Come Roman Polanski stesso ricorda nel recente documentario A film memoir (ideato da Andrew Braunsberg e diretto
da Laurent Bouzereau, 2011) la sua vita è stata quella del Fuggiasco (Carol Reed, 1946), in fuga dal Male ma anche –
dopo il tragico 1969 dell’uccisione di Sharon Tate – da sé («a lungo non sono stato più me stesso»). Fuggiasco e clandestino a sé e agli altri, il giovane ebreo Roman lo è stato sin dall’inizio, dalla sua adolescenza nel ghetto di Varsavia, durante l’occupazione nazista, segnata dalla deportazione e dalla morte dei giovani amici e della madre ad Auschwitz, dalla prigionia del padre sopravissuto e
tornato da Mauthausen alla fine della guerra. Da quel momento Polanski ha mostrato di aver appreso l’arte – dolorosa quanto necessaria – di sapersela cavare
da solo, tra fughe e continue palingenesi.
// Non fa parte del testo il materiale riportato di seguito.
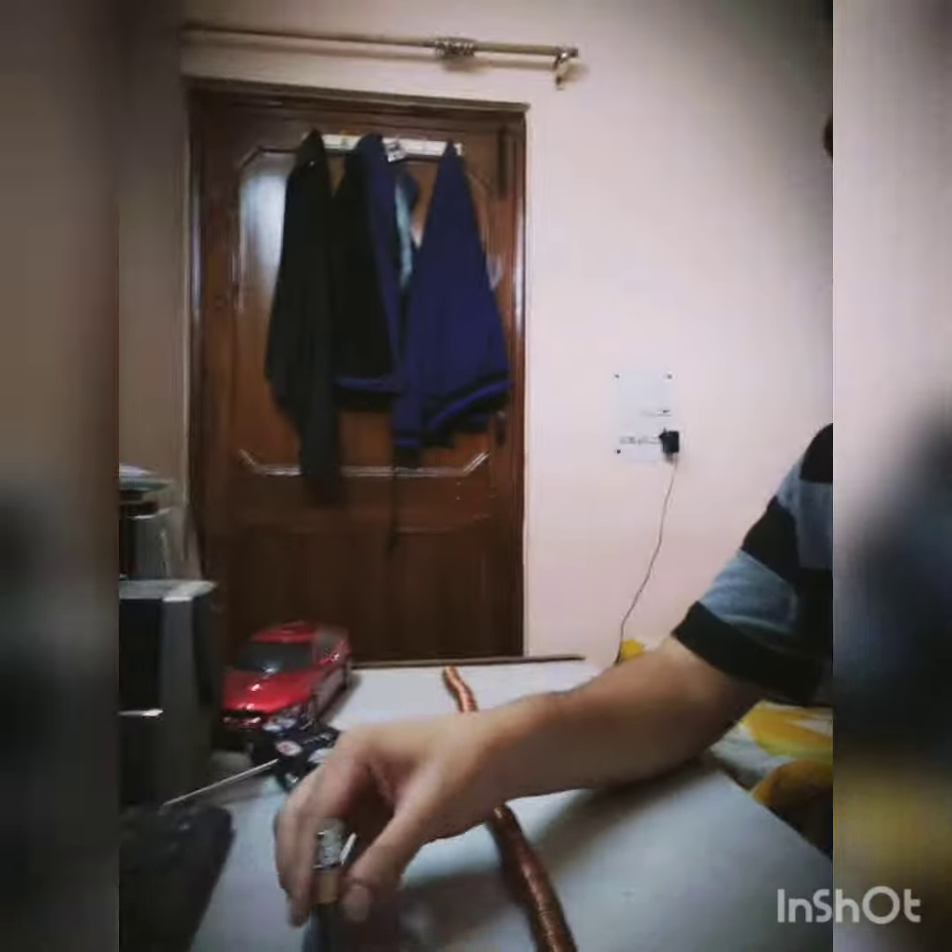Hi guys, this is Ashish. Today I am going to be showing you, you guessed it right, how to build your simple electric train.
Un’esperienza esistenziale che si riversa nel suo cinema, tutto all’insegna della sopravvivenza e della resistenza, di
cui Il pianista diventa il paradigma eponimo, un cinema che anche quando ci scherza su delinea sempre i contorni del
Male, lo esorcizza a tratti ridendo (Per favore… non mordermi sul collo), altre volte mettendone in risalto i pregiudizi sociali (Chinatown, Carnage), più spesso
cogliendone i diversi aspetti della vita quotidiana (Tess, L’inquilino del terzo piano), grotteschi o al limite della follia. Il clandestino è la figura classica del cinema
di Polanski sin dall’esordio de Il coltello nell’acqua: in ognuno dei suoi film egli vi affida il compito di far esplodere delle tensioni accumulate e latenti, che
giungono all’apice ne Il Pianista. Ma il tema del vagabondare esistenziale, in cui in filigrana traspare la figura dell’ebreo errante, caratterizza – sia pure con esiti
alterni – la produzione di Polanski degli anni ‘80-‘90: si pensi a Frantic o a Tess, non solo due riletture, di Hitchcock e di Hardy, ma vere e proprie allegorie dello
spaesamento unite al rimpianto per un mondo perduto, idealizzato nella irreale magia delle origini. Con la figura del pianista Szpilman (ispirato all’omonimo
concertista Władysław e ai ricordi giovanili del regista), Polanski dona al suo personale vagabondare erratico una dimensione collettiva, allarga all’Olocausto il suo dramma individuale. Il rimedio, l’antidoto a questo perenne dissidio tra Bene e Male – come nei migliori romanzi d’appendice ottocenteschi – alla fine c’è. È l’arte, e in particolare il cinema, ad assumere la funzione catartica di
ridare libertà e dignità ai protagonisti del dramma della Storia, dando nel contempo alle immagini il valore reale della testimonianza.